▶ [Assignment]: Omitting all pictures, print the lines of the listing from the one containing "A girl rides" through the final line, both ends included, with no other text.

▶ [Data segment]:
※
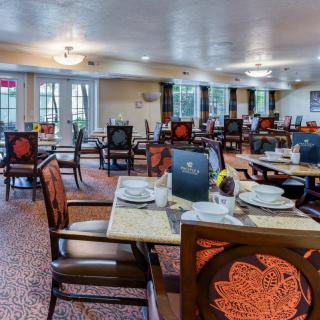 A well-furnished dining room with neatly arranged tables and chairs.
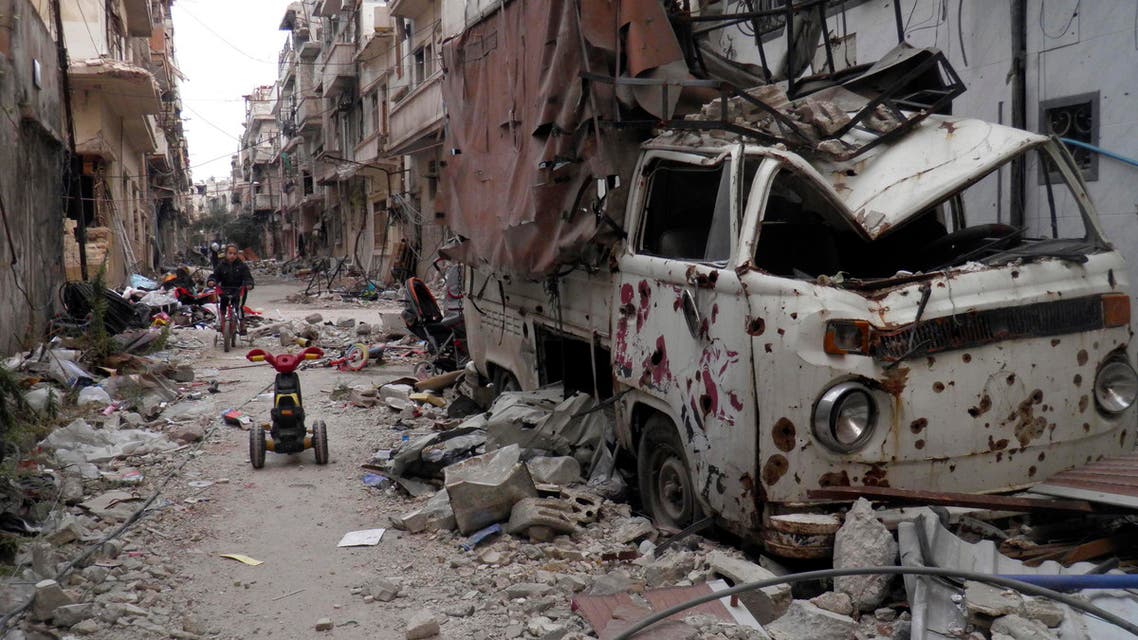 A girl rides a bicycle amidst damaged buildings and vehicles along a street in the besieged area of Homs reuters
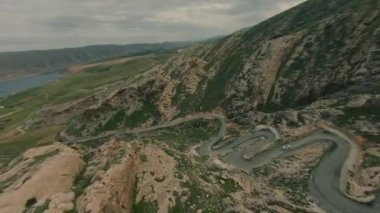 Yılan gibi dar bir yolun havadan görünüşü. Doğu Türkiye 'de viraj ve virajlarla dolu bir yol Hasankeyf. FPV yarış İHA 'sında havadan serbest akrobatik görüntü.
※
▶ [Response to the task]:
 A girl rides a bicycle amidst damaged buildings and vehicles along a street in the besieged area of Homs reuters
 Yılan gibi dar bir yolun havadan görünüşü. Doğu Türkiye 'de viraj ve virajlarla dolu bir yol Hasankeyf. FPV yarış İHA 'sında havadan serbest akrobatik görüntü.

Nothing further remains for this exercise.